**TASK MATERIAL:**
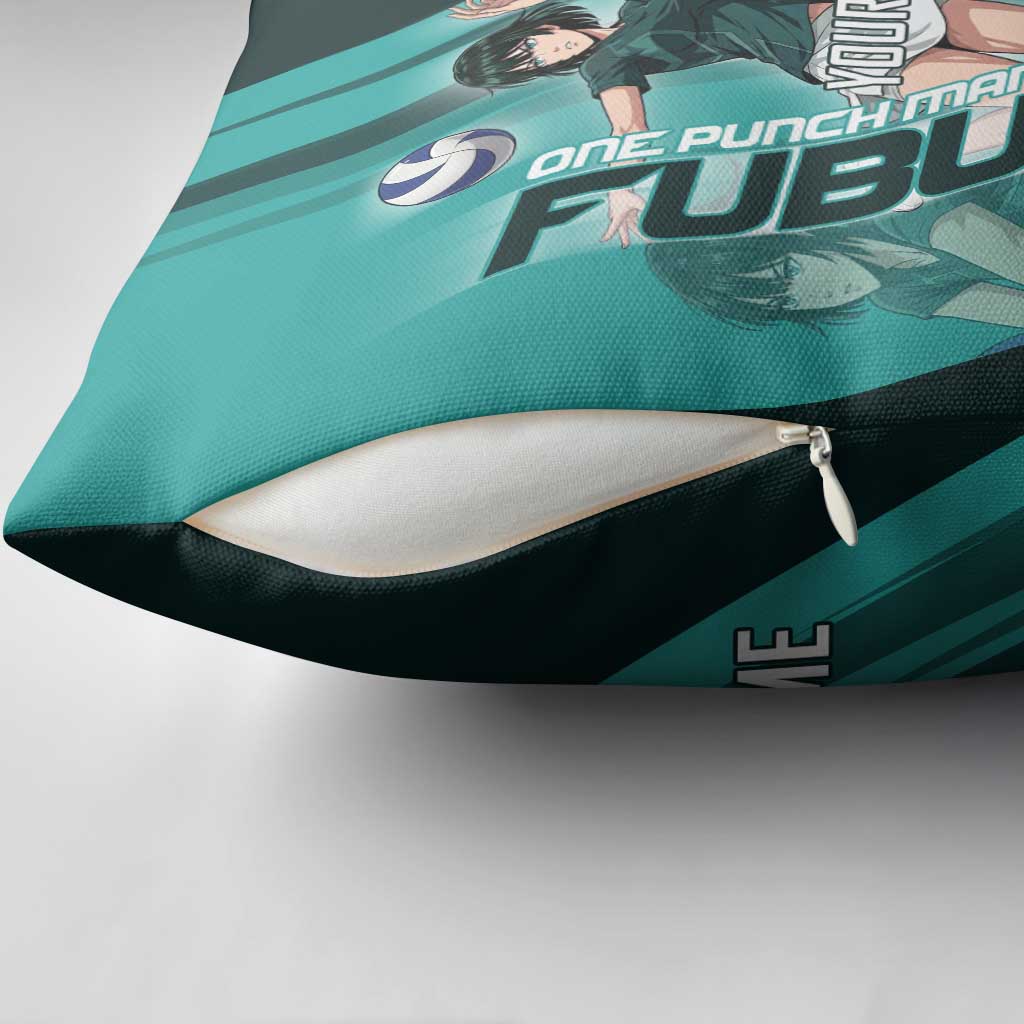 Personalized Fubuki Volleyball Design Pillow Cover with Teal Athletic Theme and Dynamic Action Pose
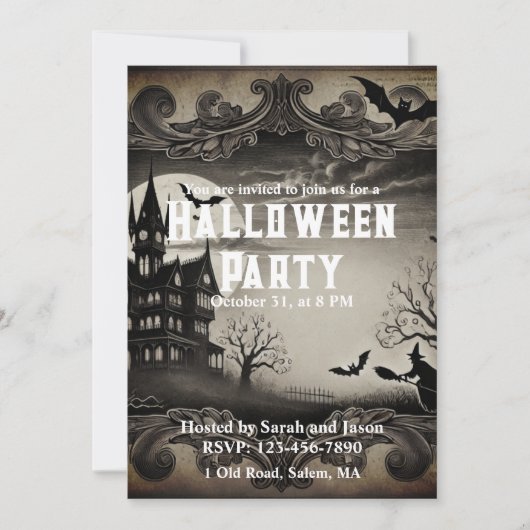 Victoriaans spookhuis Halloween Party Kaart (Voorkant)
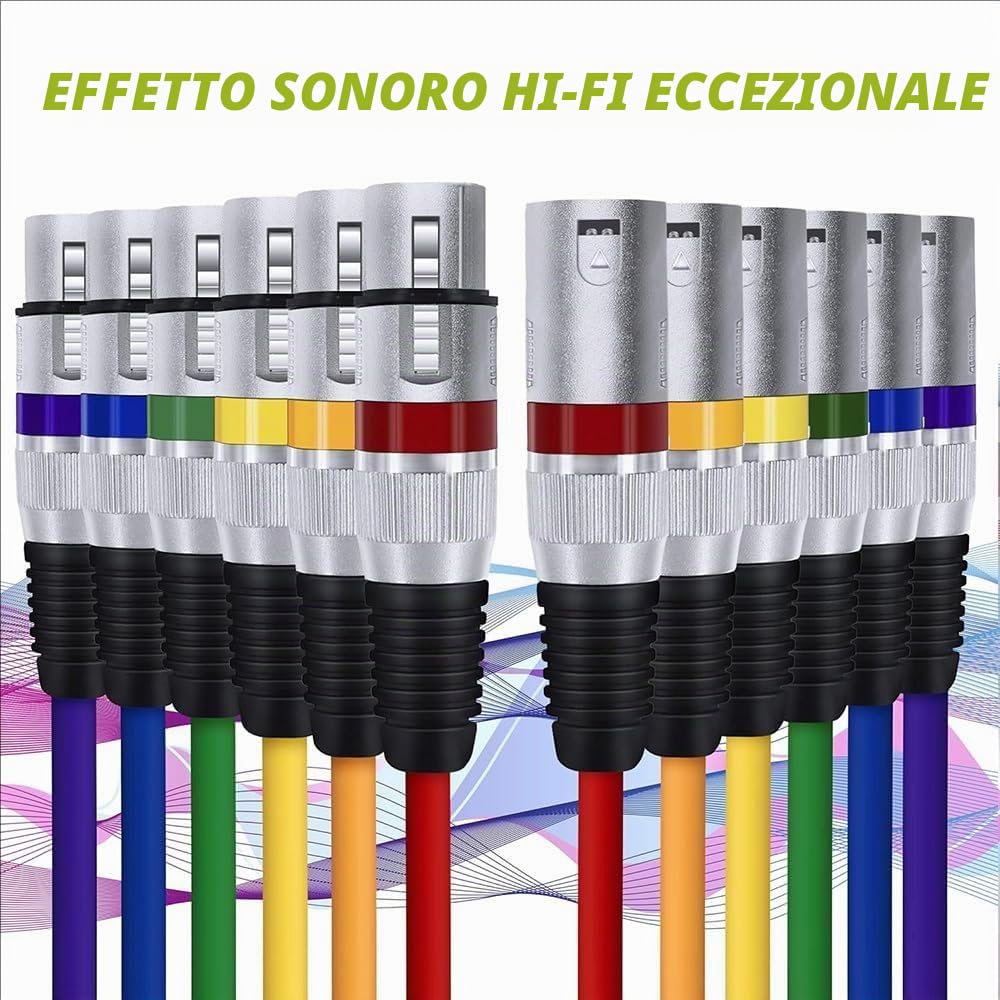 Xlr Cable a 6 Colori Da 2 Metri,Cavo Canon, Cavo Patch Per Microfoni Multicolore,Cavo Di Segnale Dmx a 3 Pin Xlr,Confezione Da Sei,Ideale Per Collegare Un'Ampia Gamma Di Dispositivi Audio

* * *

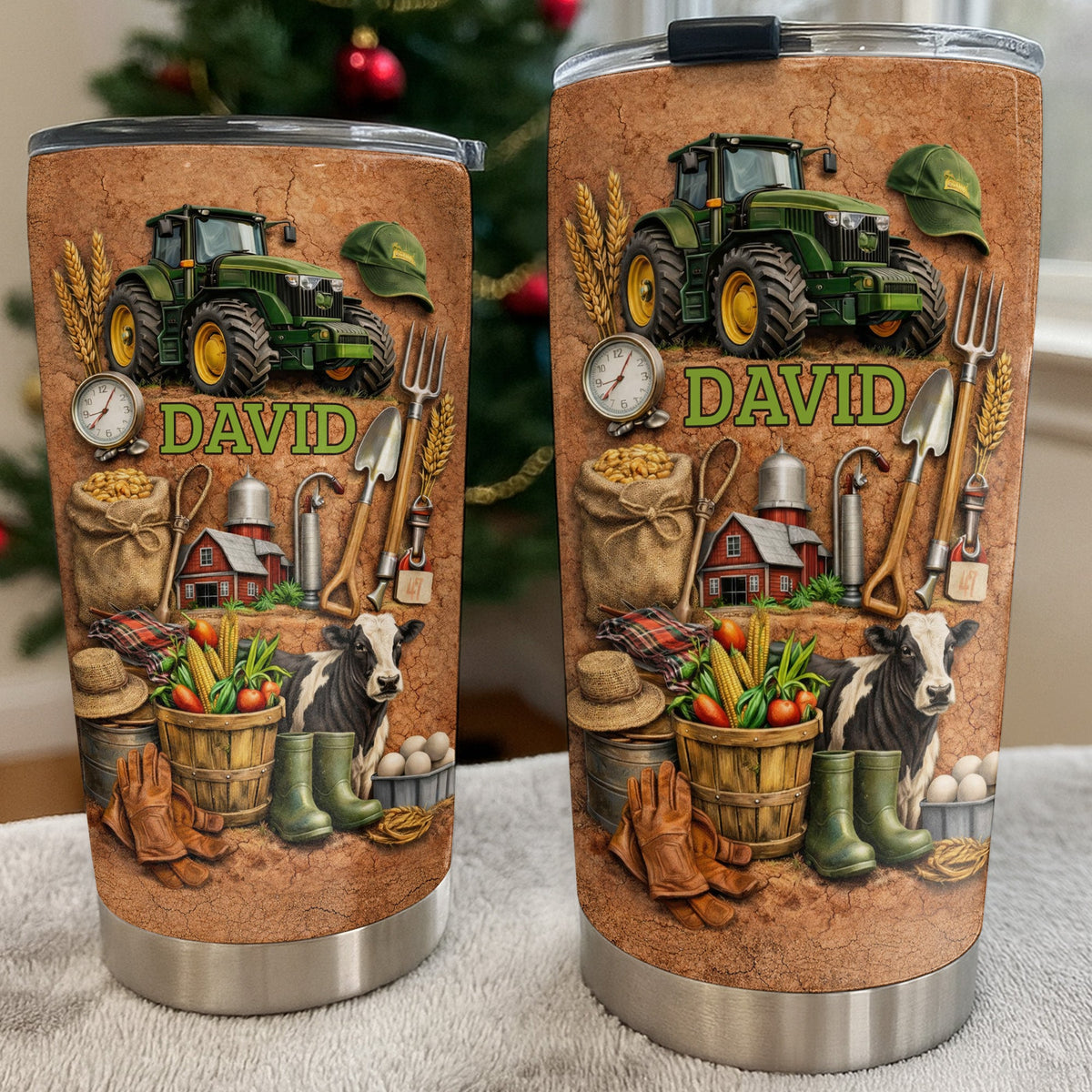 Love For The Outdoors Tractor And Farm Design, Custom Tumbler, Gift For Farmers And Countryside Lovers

**WHAT IS EXPECTED:** What's needed is an exact copy of the lines above from the one with "Victoriaans spookhuis Halloween" through the one with "Xlr Cable a", both included; the pictures stay out.

**TASK ANSWER:**
 Victoriaans spookhuis Halloween Party Kaart (Voorkant)
 Xlr Cable a 6 Colori Da 2 Metri,Cavo Canon, Cavo Patch Per Microfoni Multicolore,Cavo Di Segnale Dmx a 3 Pin Xlr,Confezione Da Sei,Ideale Per Collegare Un'Ampia Gamma Di Dispositivi Audio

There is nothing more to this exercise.